### Task instructions
Print exactly the lines below between the line holding "2018-19 Upper Deck AHL #2 Max Jones Back" and the line holding "Oriental Chinese Brown", inclusive, and nothing more.

### Given records
# # # #
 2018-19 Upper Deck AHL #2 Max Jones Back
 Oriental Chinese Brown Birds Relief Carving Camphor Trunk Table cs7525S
# # # #
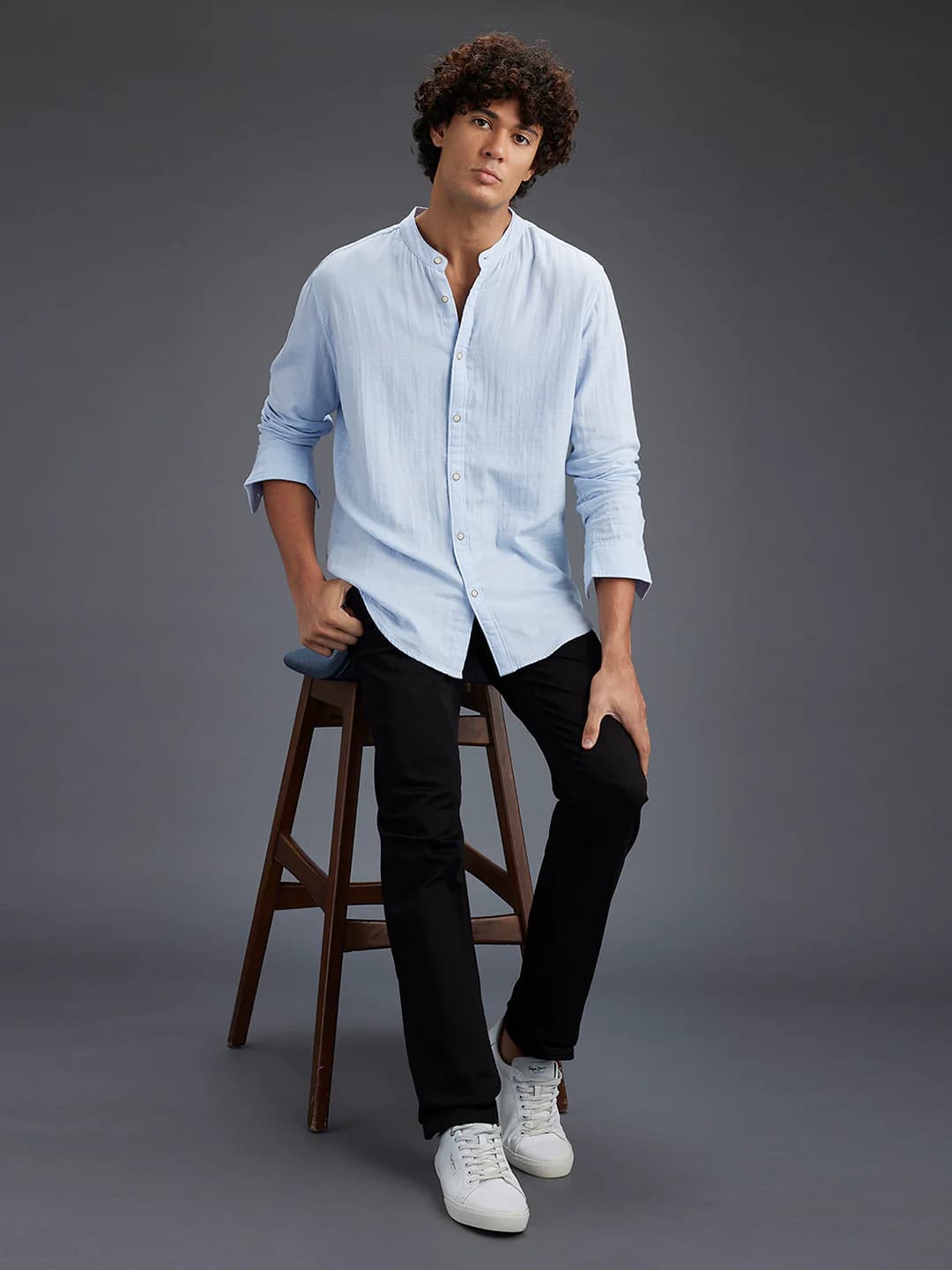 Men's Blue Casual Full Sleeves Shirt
# # # #
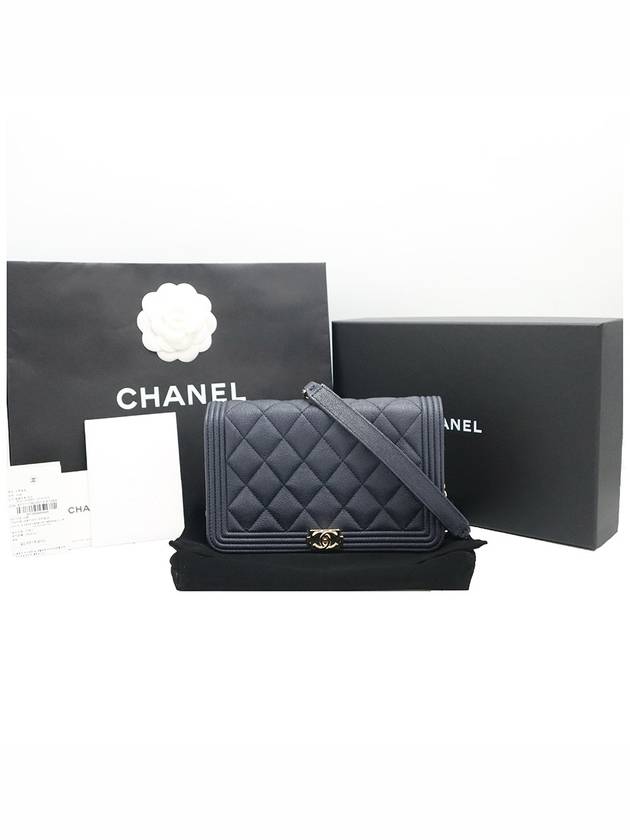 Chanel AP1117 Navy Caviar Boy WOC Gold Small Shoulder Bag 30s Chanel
# # # #
### Answer below
 2018-19 Upper Deck AHL #2 Max Jones Back
 Oriental Chinese Brown Birds Relief Carving Camphor Trunk Table cs7525S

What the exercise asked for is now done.